Come on now, remember. Remember everything you can. Everything you know about interrogation techniques: torture methods, psychological pressure designed to humiliate you and break your will. You don’t know how it might help, but you desperately try to remember. In reality, you are simply fighting your fear. Yes, that’s it. But what is there to be frightened of? After all, you’ve already realized your time left on earth will be brief. At least in the human dimension of time… Although it will stretch on endlessly in another dimension. And it is this other dimension that frightens you. Its inevitability frightens you. There is no alternative path. Perhaps you could have improved your lot by telling them everything. And perhaps that’s what you’d have done, if you were an optimist. But you were never one to build castles in the air. Someone in your blood far stronger and wiser, some ancient, mighty voice in your blood begins to speak: You are a warrior. And a warrior is dead from birth. His death is never seeking him: it is always there with him on his shoulders. So why did you get so frightened when you looked into the face of death? You knew you couldn’t live for ever. Soon your ordeal will be over. No matter how eternal it may seem, it will not last long in time. You should know how to die in combat. If there’s nothing left to fight for, then fight for your death. You’re still at war. But now you face the most challenging battle of all on the warrior’s path. This ancient voice stirs some feeling in you… Is it pride, perhaps?
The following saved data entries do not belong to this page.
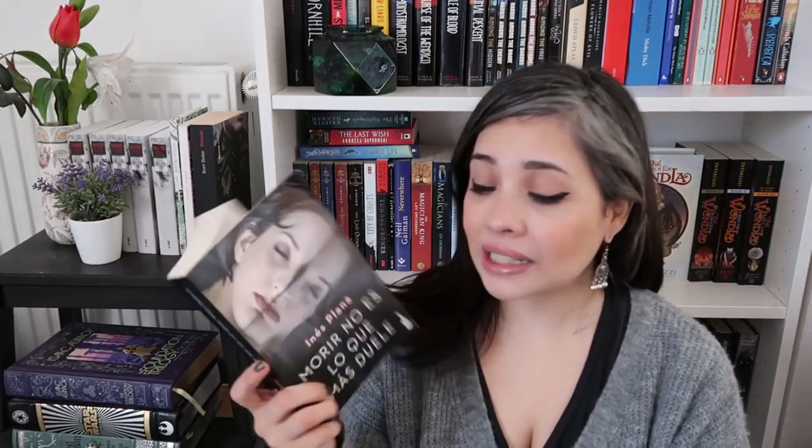This one is Morir No Es Lo Que Más Duele by Inez Plana — I put it back on my shelf when really I'm supposed to return it to the person who lent it to me, but I haven't seen them because of social isolation, so I'll put it with the donate books. My cat just found her toy. Then I found Las Estrellas Mi Destino by Alfred Bester, translated from English — I had a bookmark in it but I found this book both boring and supremely sexist, so I'm donating it.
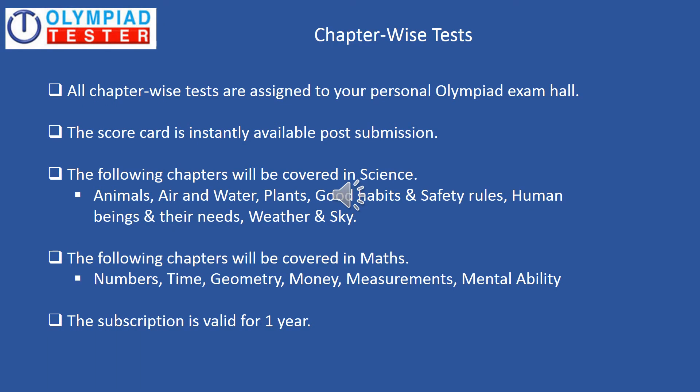Chapter Wise Tests. All Chapter Wise Tests are assigned to your Personal Olympiad Exam Hall and the scorecard is instantly available post the submission of the test. You can see the syllabus from where the questions would be asked — this is for both Science and Maths — and the subscription is valid for one year. There are quite a few free Chapter Wise Tests available on the site; you could actually try them out as well.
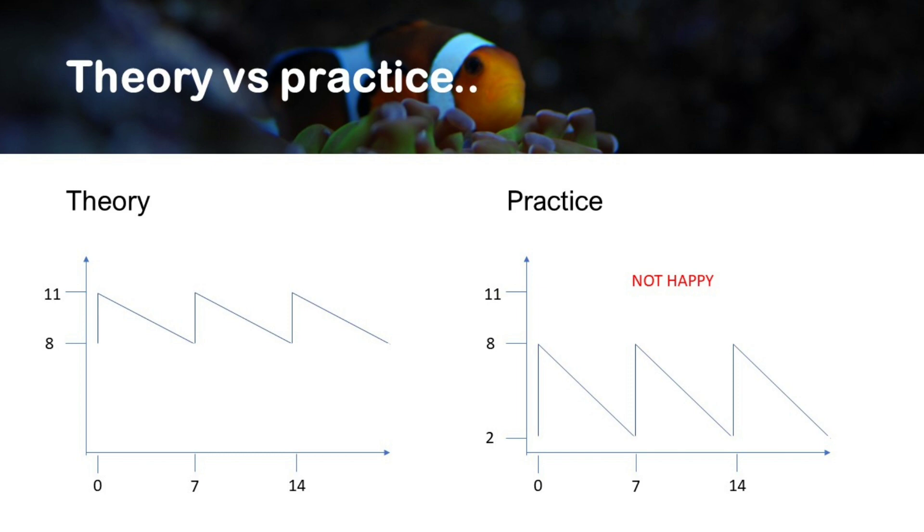Theory versus practice: when I actually started measuring, that didn't happen. When I do the water change, I spike carbonate hardness to 8, and then during the week it drops down to 2. I was actually below 2 in carbonate hardness — I'm not happy about that. I had been suspecting it for a few months because the white tips of the SPS corals were clearly visible after the water change but then slowed down during the week, and now I know why.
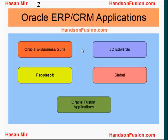Oracle Corporation is maintaining several ERP and CRM applications. Oracle eBusiness Suite used to be their flagship ERP product, but now that spot is taken by Oracle Fusion applications. PeopleSoft was acquired by Oracle Corporation, along with JD Edwards, and they also acquired Siebel. These are the applications Oracle Corporation is currently maintaining and supporting.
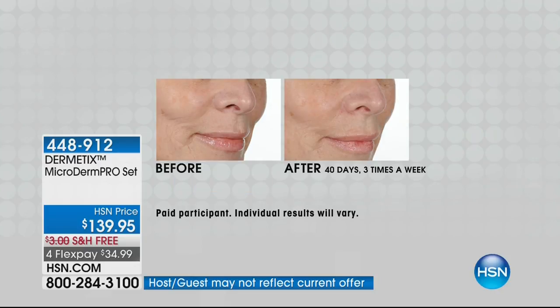You can see it — you'll do this at night, just one time, and go to sleep. Because when you wake up in the morning, the difference is incredible.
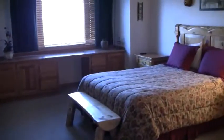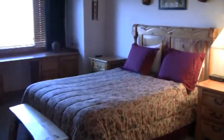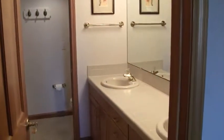This is the master bedroom, with a full bath.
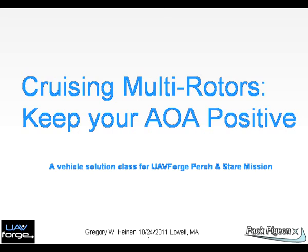Chart 1. This briefing is provided by Gregory Heinen to UAV Forge. Perusing multi-rotors — keep your angle of attack positive.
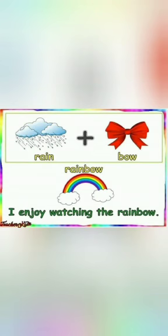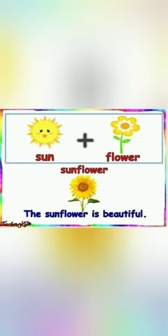Rain plus bow makes a new word rainbow. I enjoy watching the rainbow. It has beautiful seven colors.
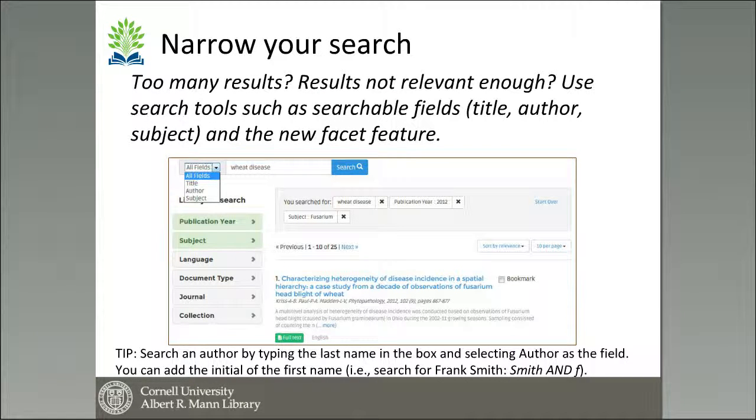It is possible to narrow your search if you have too many results or if they're not relevant enough. Using searchable fields such as title, author, and subject, and the facet features, can be very helpful. When you search an author, it's best to search their last name — the more unusual the name, the more likely you are to find the specific article you're looking for. If you search a generic name like John Smith, you're likely to get more results.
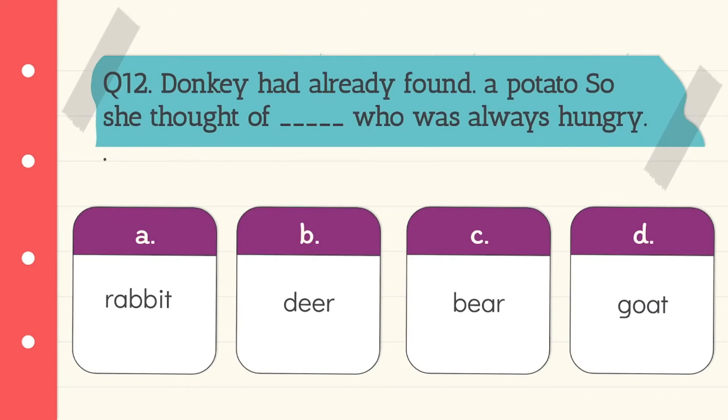Question 12: Donkey had already found a potato, so she thought of someone who was always hungry. Who was always hungry? Goat. Option D is the correct answer.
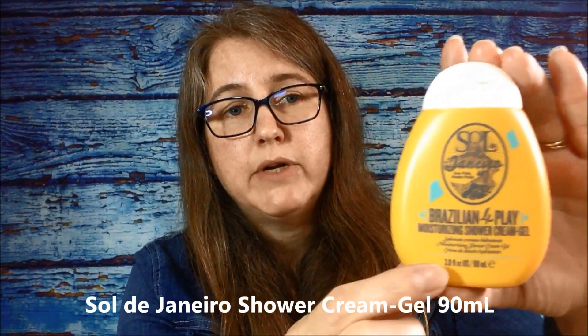Sol de Janeiro Brazilian Foreplay Moisturizing Shower Cream Gel, and it's 90ml — that's a pretty good size! I'm so excited to try this; I got a little sample of their Boom Boom Cream and oh my god, that smells so good. And yes, it has that really good smell. I love that! That's probably my favorite item in the bag so far.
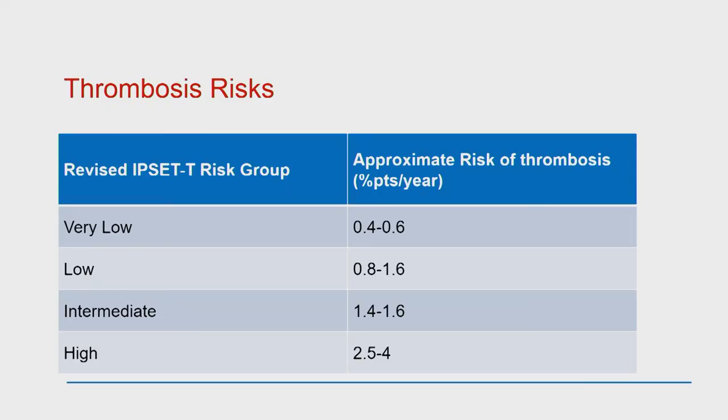In individuals with very low risk, the yearly risk for a blood clot — thrombosis in arteries or veins — is between 0.4 and 0.6 per year. This goes up to 2.5 to 4% in the higher risk group. So even when you're talking about the higher risk group, the risk of thrombosis is not extreme.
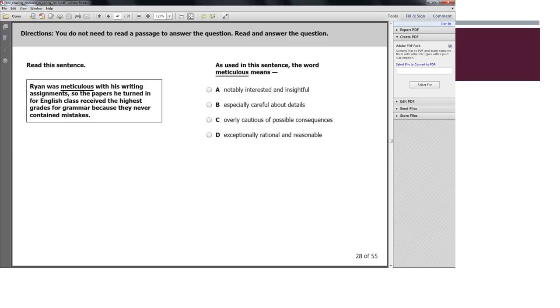Here's a context clue example: 'Ryan was meticulous with his writing assignments. The papers he turned in for English class received the highest grades for grammar because they never contained mistakes.' So meticulous means no mistakes. Looking at the answer choices: 'not notably interested' — no; 'careful about the details' — yes; 'cautious of consequences' — no; 'rational and reasonable' — not the same as no mistakes. By process of elimination, the answer is B: especially careful about details.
You may be lying wounded and beaten, face down on the dirty floor of a helicopter, but never in all your brief life has anybody shown you such honour as this. And what counts most of alclass="underline" it is your oldest mortal foe showing you this honour. The Russians consider this tiny person so dangerous to their vast country that they have brought two helicopters especially for you. The reality is that helicopters always fly in pairs, but that does not matter, for this is the last mark of respect you will get in your life. So you cling to this false belief. In just twenty minutes or so, perhaps sooner, you will have to answer before God for all the sins of your ancestors. Meanwhile, you try to remember anything that might be of help in the battle to come. You feel the helicopter descending – it is over. You’ve arrived. This is your final stop. From here on you will start on a different journey, known but unknown, and thus terrifying. From here you will depart for eternity. This is a journey you’ll have to make, one way or another. But how you make it is up to you.

The helicopter lands and you tumble out. They catch you below and slam your head against the tracks of an infantry fighting vehicle. Despite the blood gushing, you do not pass out. You hear them flinging your guide along with you on to the vehicle. All this time your eyes are blindfolded and your hands are tied, so you can only hear and feel. You feel not with your fingers but with the entire surface of your soon-to-be-tortured body. Before long you are thrown off the IFV and led away under further beatings. You are worried about your friend, he is not guilty of anything. They interrogate him first. You cannot hear the questions or his answers. Meanwhile, you’re lying face down in the sun, and they are slowly and expertly beating you. You pray to God that your stories will match. And God hears your plea: they will match more or less. They lead you away to be interrogated. You are set in front of an unseen officer who asks you questions. You answer them. The story emerging from their questions and your answers goes more or less as follows.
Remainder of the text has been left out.